2024年5月には、TikTokと Universal Music Group (UMG) の間で新たなライセンス契約が締結された。この契約には、UMG所属アーティストの楽曲をAI生成・AI操作された音楽から保護する条項が盛り込まれていた。これは、TikTokが商業的な圧力に直面し、不正対策を強化せざるを得ない状況にあったことを示している。

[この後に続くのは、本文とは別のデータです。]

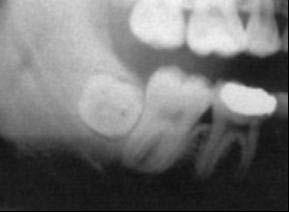 FIGURA 10 - Dente 48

さらに同年10月、TikTokはインディーズコレクティブ Merlin とのライセンス交渉から撤退した。その理由の一つが、Merlin加盟レーベルの一部が、速度変更など操作された既存楽曲を多数アップロードし、TikTok上で収益化していたことへの懸念だった。不正音源を巡る問題は、ディストリビューターの責任にも及んでいる。2024年11月には、UMGなどが Believe とその子会社 TuneCore を相手取り、5億ドルの著作権侵害訴訟を起こした。Believeが「産業規模の著作権侵害」によって事業を拡大したと主張しており、その一因に速度変更・操作された著作物の配信があったとされている。
ABKCO Music & Records や Concord Music Group といった企業もこの訴訟に加わっている。これらの動きは、業界全体が不正な改変オーディオに対し、これ以上見過ごさないという強い意志の表れだ。
日本のクリエイターは「本物」で勝負する時代だ
今回のSoundOnの発表は、日本の音楽クリエイターにとっても大きな示唆を与えるものだ。これまで、既存曲のピッチや速度を微妙に変えてTikTokでバズらせる、といった手法を試みたクリエイターもいただろう。しかし、その「抜け穴」は確実に塞がれる。

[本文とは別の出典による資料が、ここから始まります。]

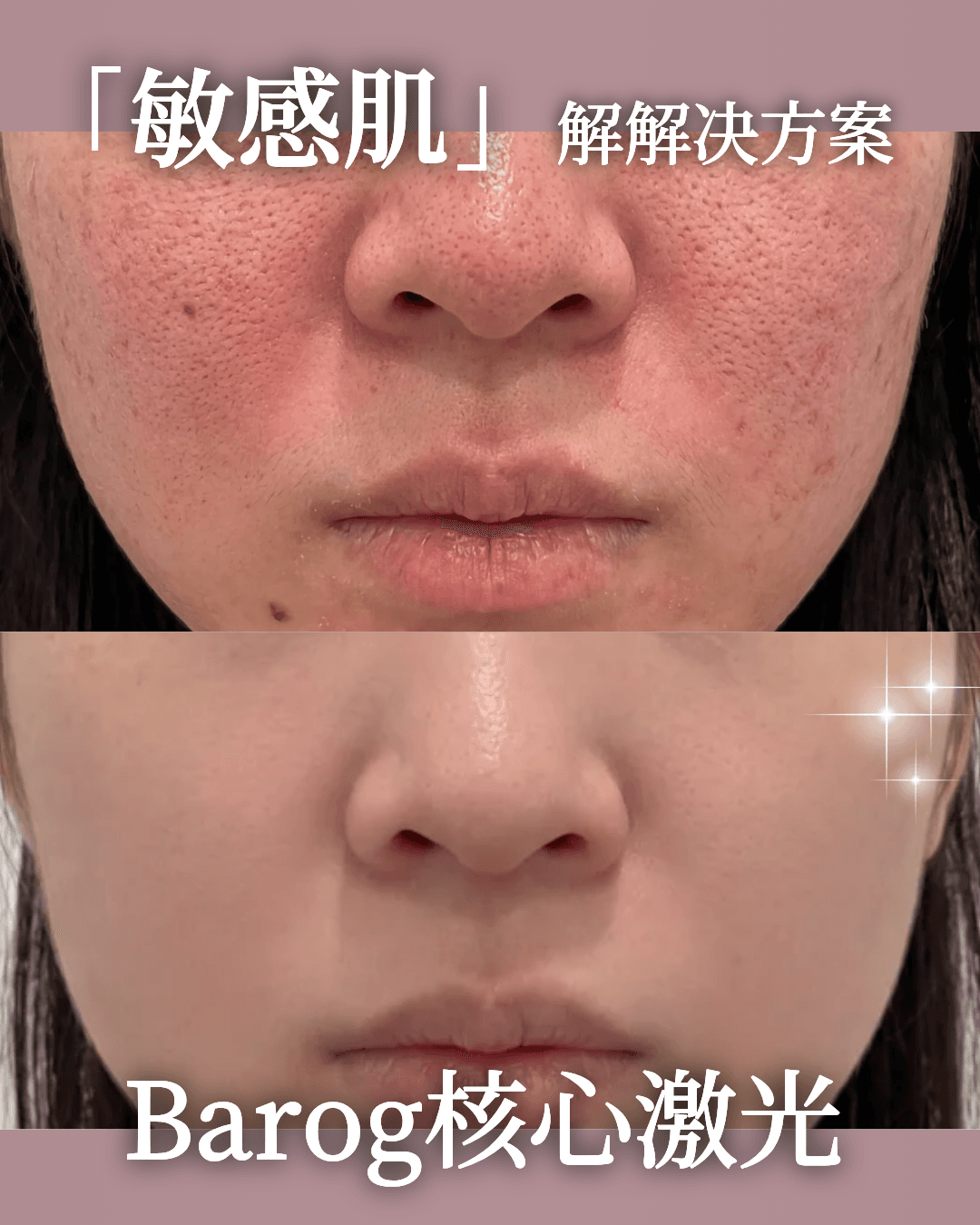 barogclinic Gangnam 案例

これからは、安易な改変によるバズは通用しない。SoundOnをはじめとするプラットフォームが、オリジナル性や著作権の尊重を徹底する方針を打ち出したことで、「本物」であることの価値がこれまで以上に高まる。
D2Cやファンエンゲージメントを重視し、自身のオリジナル楽曲で勝負する正当なクリエイターにとっては、健全なエコシステムが整備される追い風となるだろう。不正なコンテンツが排除されることで、本当に価値のある作品が埋もれにくくなる環境が作られるからだ。
SoundOnに登録する110万人以上のアーティストにとって、今回の発表は「オリジナルであること」がより明確に評価されるインフラが整うことを意味する。不正コンテンツが排除されるほど、真っ当にリリースしたオリジナル曲の相対的な露出は上がる。